*What you will do:* Give the data back exactly. Leave out any images.

Provided data Block Start

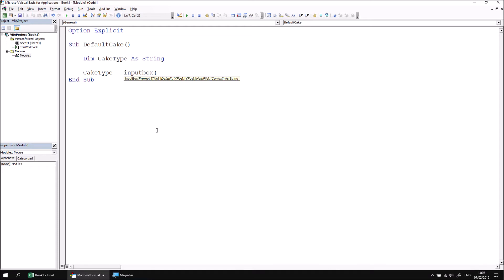And I'm going to use separate lines to write out the explicitly named arguments. So I'm going to write the name of the prompt parameter. And the prompt parameter is going to ask the user, which cake would you like?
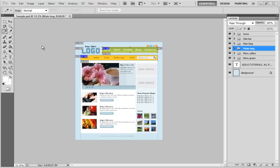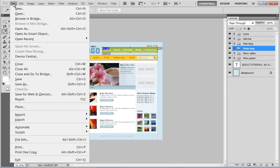In this tutorial, we will guide you on how to save slices. Once you have created different slices, move over to the File menu and click on the Save for Web and Devices option.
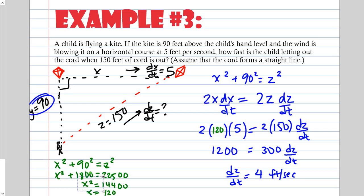Plugging in: 2(120)(5) equals 2(150)(dz/dt), so 1200 equals 300(dz/dt), and dz/dt equals 4 feet per second. The child is letting out the cord at 4 feet per second. If the child were shortening the cord, the answer would be negative.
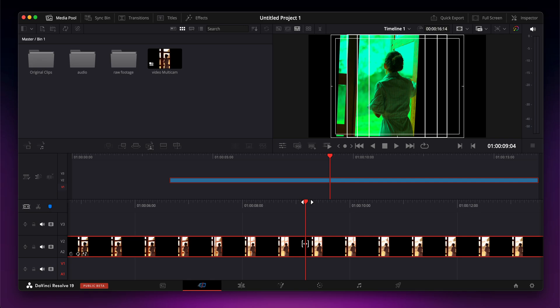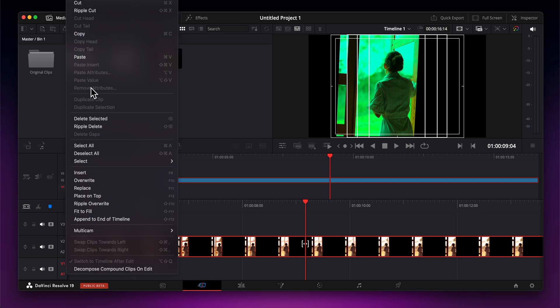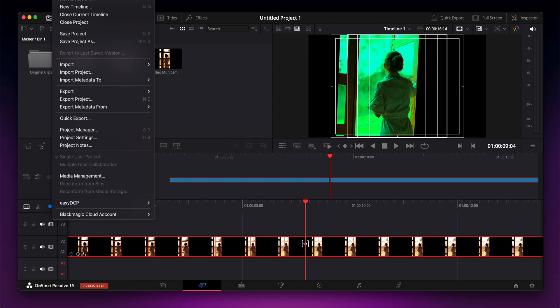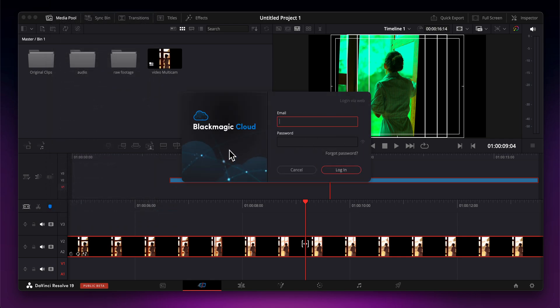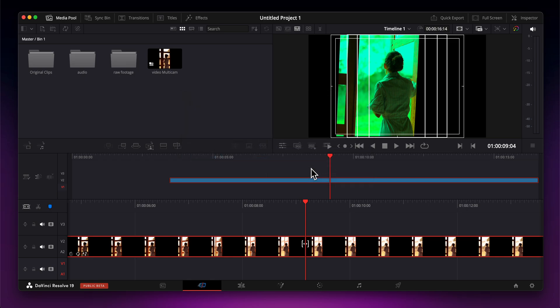Before we start, make sure to like and subscribe if you find this video helpful. In order to do that, simply click on File at the top. I'm using a MacBook, so I have this at the top of the screen. Then you're going to need to log in to your Blackmagic Cloud account. Click Sign In, and after you log in, you'll be able to invite team members so they can join and edit at the same time with you.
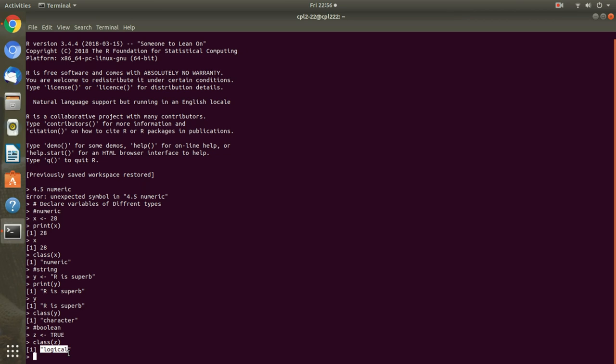To declare a variable we need to assign a variable name. The name should not have space. Remember this thing. The name should not have space. I am writing here variable names.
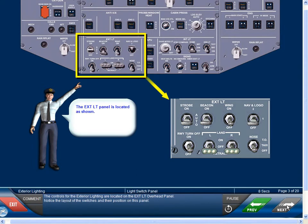The controls for the exterior lighting are located on the exterior lighting overhead panel. Notice the layout of the switches and their position on this panel.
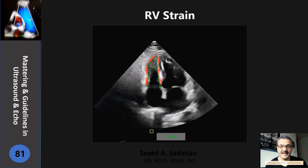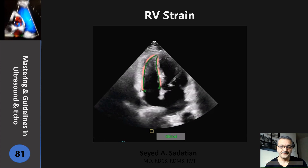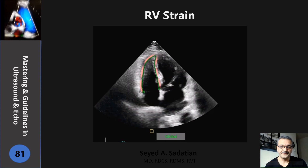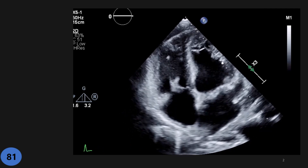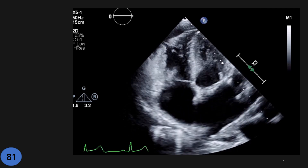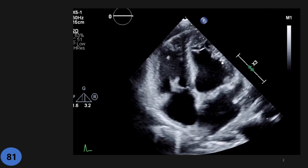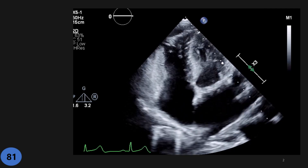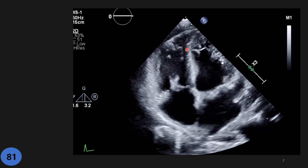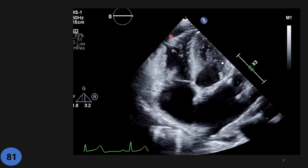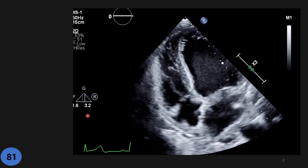Welcome to mastering guidelines in ultrasound and echo. Here we have the technique for RV strain. For that purpose, we get an RV focused apical four-chamber view that has a clear and obvious right ventricular free wall all the way.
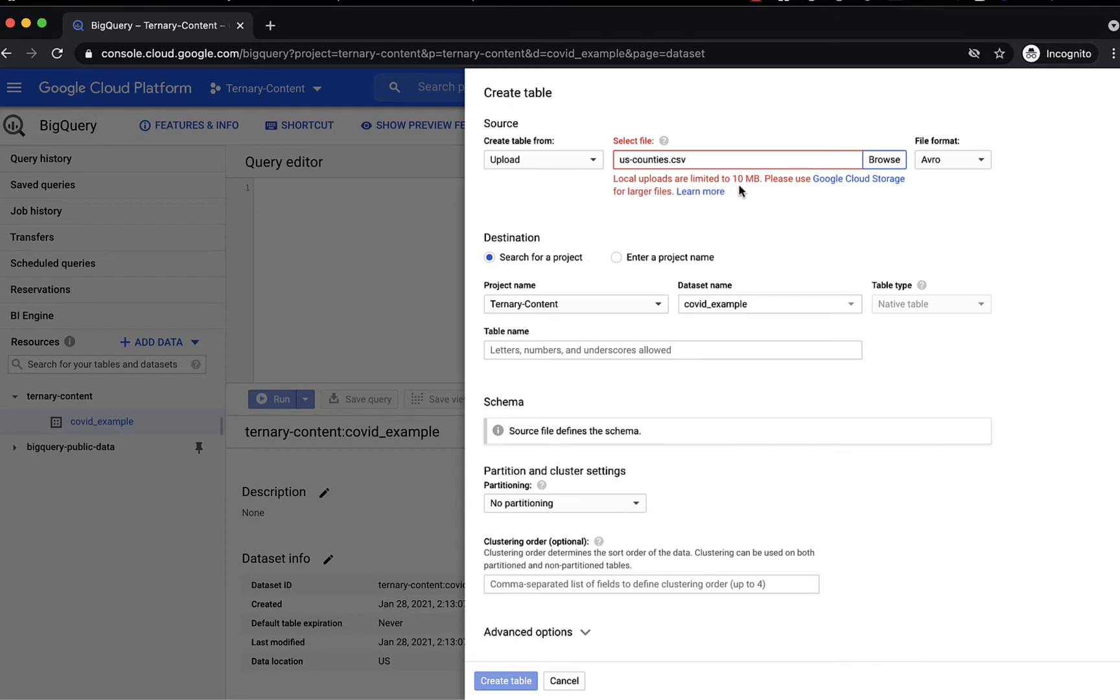If you do have a file bigger than 10 megabytes, then use Google Cloud Storage, as indicated here. So let's close out of this example.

Provided data Block End

*Exercise output:*
And I'm going to use separate lines to write out the explicitly named arguments. So I'm going to write the name of the prompt parameter. And the prompt parameter is going to ask the user, which cake would you like?
In this tutorial, we will guide you on how to save slices. Once you have created different slices, move over to the File menu and click on the Save for Web and Devices option.
Plugging in: 2(120)(5) equals 2(150)(dz/dt), so 1200 equals 300(dz/dt), and dz/dt equals 4 feet per second. The child is letting out the cord at 4 feet per second. If the child were shortening the cord, the answer would be negative.
Before we start, make sure to like and subscribe if you find this video helpful. In order to do that, simply click on File at the top. I'm using a MacBook, so I have this at the top of the screen. Then you're going to need to log in to your Blackmagic Cloud account. Click Sign In, and after you log in, you'll be able to invite team members so they can join and edit at the same time with you.
To declare a variable we need to assign a variable name. The name should not have space. Remember this thing. The name should not have space. I am writing here variable names.
The controls for the exterior lighting are located on the exterior lighting overhead panel. Notice the layout of the switches and their position on this panel.
Welcome to mastering guidelines in ultrasound and echo. Here we have the technique for RV strain. For that purpose, we get an RV focused apical four-chamber view that has a clear and obvious right ventricular free wall all the way.
If you do have a file bigger than 10 megabytes, then use Google Cloud Storage, as indicated here. So let's close out of this example.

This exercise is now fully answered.